Now a new column is added to show the change from month to month for the counts of each word. This was a challenge to do in a way that was not too time-intensive. Instead of trying to search for each previous month’s value in the dataframe and then performing the subtraction calculation, we sort the dataset by word and then by date, and go through each item, checking to see if the previous line matches what we expect the word and previous date values to be. If these both match, the two counts values are subtracted, but if they do not match then the current value must be the “change” value we are looking for. This way we only go through the dataframe a single time, instead of once for each row in the dataset.

Several different searching methods were tried, but this was by far the fastest method.

#Begin by sorting the dataset and removing a leftover junk column
dfword = dfword.sort_values(["word","date"]).reset_index()
dfword.pop("index")

#Create a function to get the previous month off of a given string
def getlastmonth(dateinquestion):
    newdate = dateinquestion[5:7]
    newdate = int(newdate) - 1
    if newdate == 0:
        newdate = 12
    newdate = str(newdate)
    if len(newdate) == 1:
        newdate = "0" + newdate
    newdate = dateinquestion[0:4] + "-" + newdate + dateinquestion[7:10]
    if newdate[5:7] == "12":
        newmonth = str(int(newdate[0:4]) - 1)
        newdate = newmonth + "-" +  newdate[5:7] + dateinquestion[7:10]
    return newdate

#Create a function to check if the previous row in the dataset is the actual previous month for the word in question,
#and then perform the subtraction if necessary to arrive at the change value
def previous_values(indexitem):
    if indexitem > 0:
        if (dfword["date"][indexitem-1] == getlastmonth(dfword["date"][indexitem])) & (dfword["word"][indexitem-1] == dfword["word"][indexitem]):
            return (dfword["counts"][indexitem] - dfword["counts"][indexitem-1])
        else:
            return dfword["counts"][indexitem]
    else:
        return dfword["counts"][indexitem]

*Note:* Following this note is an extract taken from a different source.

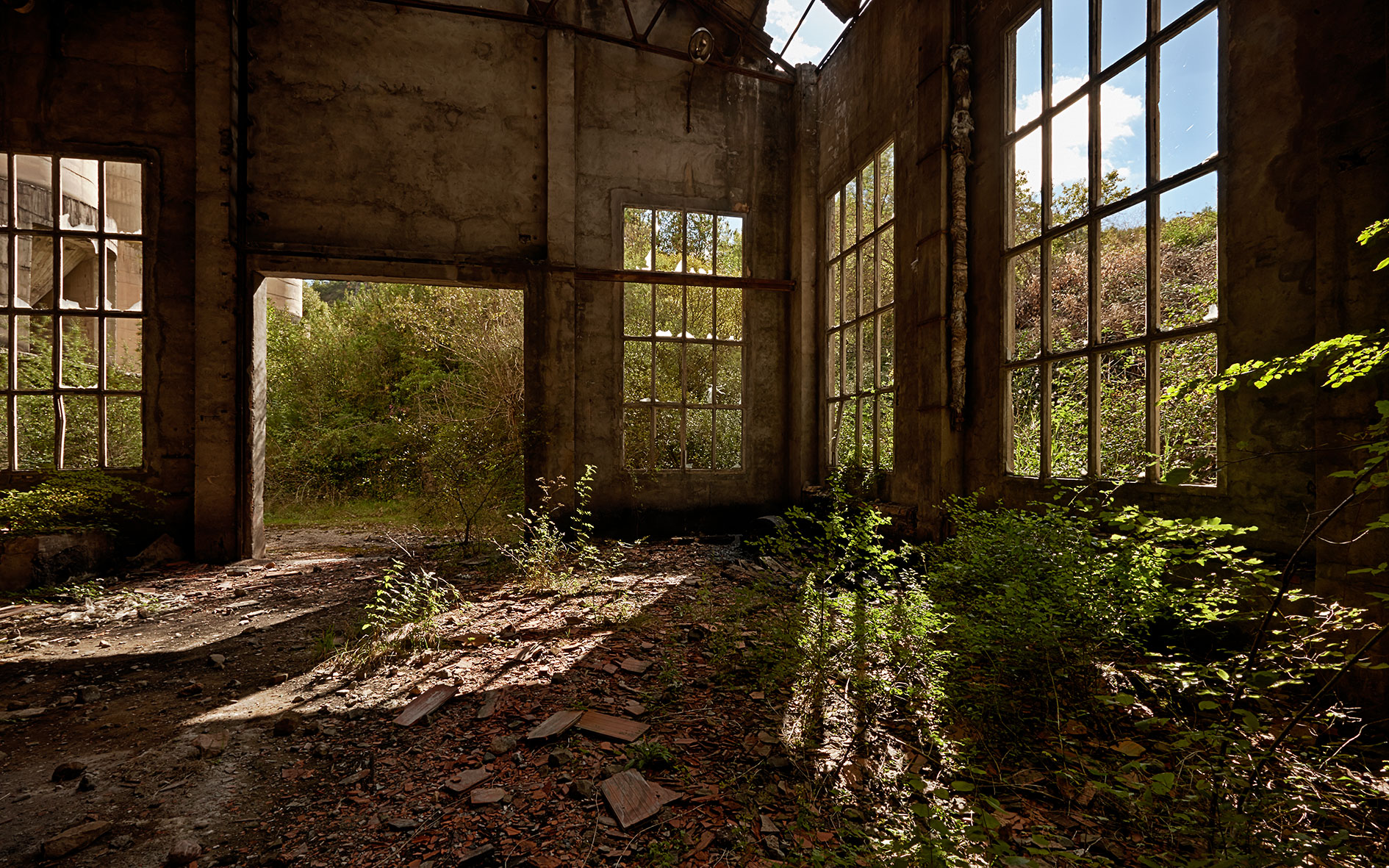 Xerallo detritus 262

#Create the new column with the change value
dfword["change"] = dfword.apply(lambda x: previous_values(x.name), axis = 1)
word counts date percent change
0 0 1 2011-03-01 0.006536 1
1 0 1 2012-03-01 0.005848 1
2 0 2 2012-05-01 0.012658 2
3 0 1 2013-05-01 0.009709 1
4 0 1 2013-06-01 0.007812 0
dfword.to_csv(r'word.csv', index = False)

The end result is a csv file that can be imported into Tableau and turned into the bar chart race shown at the beginning of this post.